There is one square root on the left side and on the right side is the sum/difference of two square roots. But given $\,0<b<a^2\,$ positive and the positive square root on the left, then the first square root on the right is greater than the second square root. Their sum must be the same as the left square root with the $+$ sign and the difference must be the same as with the $-$ sign.

When we replace $\,b\,$ with $\,-b,\,$ equation $(1)$ becomes

$$\sqrt{a \pm \sqrt -b} = \sqrt{\frac{a + \sqrt{a^2 +b}}{{2}}} \pm \sqrt{\frac{a - \sqrt{a^2+b}}{{2}}} \tag{2}$$

which is the well known formula for the square root of a complex number. In both cases, the equations can be verified by squaring both sides and simplifying and accounting for negative square roots as needed.

Answer 2

Answer 1: Your thoughts are correct.

Answer 2: If the signal of both sides are equal, then the step of squaring both sides (say, the first step in your proof) is invertible.

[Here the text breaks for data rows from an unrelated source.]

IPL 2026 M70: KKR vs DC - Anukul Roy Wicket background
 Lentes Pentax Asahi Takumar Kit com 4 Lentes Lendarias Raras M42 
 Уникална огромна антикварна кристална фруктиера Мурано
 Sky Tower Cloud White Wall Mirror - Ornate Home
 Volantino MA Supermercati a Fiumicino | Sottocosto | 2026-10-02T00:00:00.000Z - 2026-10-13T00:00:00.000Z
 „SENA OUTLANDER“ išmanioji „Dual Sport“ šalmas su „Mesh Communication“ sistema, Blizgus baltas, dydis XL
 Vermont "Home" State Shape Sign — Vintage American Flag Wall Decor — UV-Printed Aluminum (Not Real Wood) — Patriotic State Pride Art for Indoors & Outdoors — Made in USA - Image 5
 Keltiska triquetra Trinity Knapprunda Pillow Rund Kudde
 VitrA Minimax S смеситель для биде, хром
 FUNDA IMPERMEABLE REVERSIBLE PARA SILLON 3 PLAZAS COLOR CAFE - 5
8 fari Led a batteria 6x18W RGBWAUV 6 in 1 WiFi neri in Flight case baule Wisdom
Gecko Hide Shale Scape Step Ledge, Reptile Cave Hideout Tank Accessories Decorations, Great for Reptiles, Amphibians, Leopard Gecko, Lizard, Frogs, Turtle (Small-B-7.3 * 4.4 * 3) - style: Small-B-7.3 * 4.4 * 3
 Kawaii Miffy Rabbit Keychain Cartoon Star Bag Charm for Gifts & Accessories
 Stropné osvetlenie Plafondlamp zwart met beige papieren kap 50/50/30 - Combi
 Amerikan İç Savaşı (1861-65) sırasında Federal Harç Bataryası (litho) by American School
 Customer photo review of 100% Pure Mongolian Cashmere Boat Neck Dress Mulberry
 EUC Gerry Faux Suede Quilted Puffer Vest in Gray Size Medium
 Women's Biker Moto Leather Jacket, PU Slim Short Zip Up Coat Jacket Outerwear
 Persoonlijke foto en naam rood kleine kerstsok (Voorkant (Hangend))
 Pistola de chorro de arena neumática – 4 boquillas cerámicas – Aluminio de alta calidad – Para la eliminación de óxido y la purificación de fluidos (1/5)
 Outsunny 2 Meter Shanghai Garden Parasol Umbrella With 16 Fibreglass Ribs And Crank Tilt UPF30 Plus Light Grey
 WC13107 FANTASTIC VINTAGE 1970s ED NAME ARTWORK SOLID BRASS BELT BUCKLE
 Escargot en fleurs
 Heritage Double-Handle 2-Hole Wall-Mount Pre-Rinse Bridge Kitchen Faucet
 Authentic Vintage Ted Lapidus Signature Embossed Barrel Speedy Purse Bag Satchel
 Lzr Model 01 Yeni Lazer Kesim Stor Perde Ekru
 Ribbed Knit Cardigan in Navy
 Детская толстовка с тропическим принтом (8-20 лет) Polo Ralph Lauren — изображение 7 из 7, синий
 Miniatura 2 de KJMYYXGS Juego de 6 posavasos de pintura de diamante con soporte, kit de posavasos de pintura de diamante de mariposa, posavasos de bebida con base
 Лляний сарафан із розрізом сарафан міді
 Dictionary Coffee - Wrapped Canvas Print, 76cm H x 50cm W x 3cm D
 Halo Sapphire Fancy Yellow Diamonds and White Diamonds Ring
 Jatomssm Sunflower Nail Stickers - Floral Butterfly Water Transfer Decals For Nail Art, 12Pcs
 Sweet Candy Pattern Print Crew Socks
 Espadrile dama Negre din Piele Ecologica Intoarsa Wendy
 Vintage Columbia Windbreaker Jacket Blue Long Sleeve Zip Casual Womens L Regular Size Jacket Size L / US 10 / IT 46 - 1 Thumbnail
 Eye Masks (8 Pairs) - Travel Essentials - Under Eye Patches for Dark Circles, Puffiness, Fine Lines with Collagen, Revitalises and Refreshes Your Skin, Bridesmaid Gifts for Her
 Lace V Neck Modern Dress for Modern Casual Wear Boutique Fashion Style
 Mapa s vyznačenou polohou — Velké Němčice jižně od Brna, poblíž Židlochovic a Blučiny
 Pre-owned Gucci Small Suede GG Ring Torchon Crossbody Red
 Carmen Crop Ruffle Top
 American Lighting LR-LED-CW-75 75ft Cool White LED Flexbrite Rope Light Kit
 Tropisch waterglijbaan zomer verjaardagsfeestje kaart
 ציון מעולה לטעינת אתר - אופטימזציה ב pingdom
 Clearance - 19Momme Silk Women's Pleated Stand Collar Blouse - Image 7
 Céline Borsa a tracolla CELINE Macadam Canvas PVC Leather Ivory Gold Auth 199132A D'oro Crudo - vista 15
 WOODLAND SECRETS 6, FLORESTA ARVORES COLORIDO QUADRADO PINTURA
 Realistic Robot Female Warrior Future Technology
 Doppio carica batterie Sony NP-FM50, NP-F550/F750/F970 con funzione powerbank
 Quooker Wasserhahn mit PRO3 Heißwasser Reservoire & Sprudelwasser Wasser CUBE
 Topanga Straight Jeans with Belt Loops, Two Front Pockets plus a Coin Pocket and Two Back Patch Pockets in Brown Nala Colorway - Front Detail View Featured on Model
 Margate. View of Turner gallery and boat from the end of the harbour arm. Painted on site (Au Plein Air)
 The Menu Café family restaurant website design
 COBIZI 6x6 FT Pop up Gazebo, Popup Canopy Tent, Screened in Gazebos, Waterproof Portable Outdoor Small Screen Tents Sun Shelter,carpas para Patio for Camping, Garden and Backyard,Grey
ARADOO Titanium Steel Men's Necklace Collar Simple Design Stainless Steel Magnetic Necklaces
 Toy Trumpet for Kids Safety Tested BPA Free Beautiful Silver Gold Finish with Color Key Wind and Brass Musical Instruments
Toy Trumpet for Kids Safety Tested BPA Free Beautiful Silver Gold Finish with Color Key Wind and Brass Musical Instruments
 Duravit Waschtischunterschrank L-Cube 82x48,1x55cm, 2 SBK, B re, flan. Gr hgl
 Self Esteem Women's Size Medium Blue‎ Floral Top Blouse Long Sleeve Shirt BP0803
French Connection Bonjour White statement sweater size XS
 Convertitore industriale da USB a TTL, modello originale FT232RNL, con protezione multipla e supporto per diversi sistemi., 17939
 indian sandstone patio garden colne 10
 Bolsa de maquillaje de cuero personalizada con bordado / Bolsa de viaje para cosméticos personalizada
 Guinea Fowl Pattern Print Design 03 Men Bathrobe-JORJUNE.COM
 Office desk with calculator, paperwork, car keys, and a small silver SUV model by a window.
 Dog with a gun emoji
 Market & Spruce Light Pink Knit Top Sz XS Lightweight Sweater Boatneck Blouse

Answer 3: The way the author expects you to derive this equation might be to find an $x$ and $y$ such that $$ \begin{align} x^2+y^2&=2a\tag{1}\label{1},\\ xy&=\sqrt{b}\tag{2}\label{2}. \end{align} $$ Then, $$ \sqrt{a+\sqrt{b}}=\sqrt{\frac{2a+2\sqrt{b}}{2}}=\sqrt{\frac{(x+y)^2}{2}}=\frac{|x|}{\sqrt{2}}+\frac{|y|}{\sqrt{2}}. $$ This is how you simplify $\sqrt{7+\sqrt{3}}$. Solving $(1)$ and $(2)$, you will find that the $x$ and $y$ are exactly $\sqrt{a-\sqrt{a^2-b}}$ and $\sqrt{a+\sqrt{a^2-b}}$.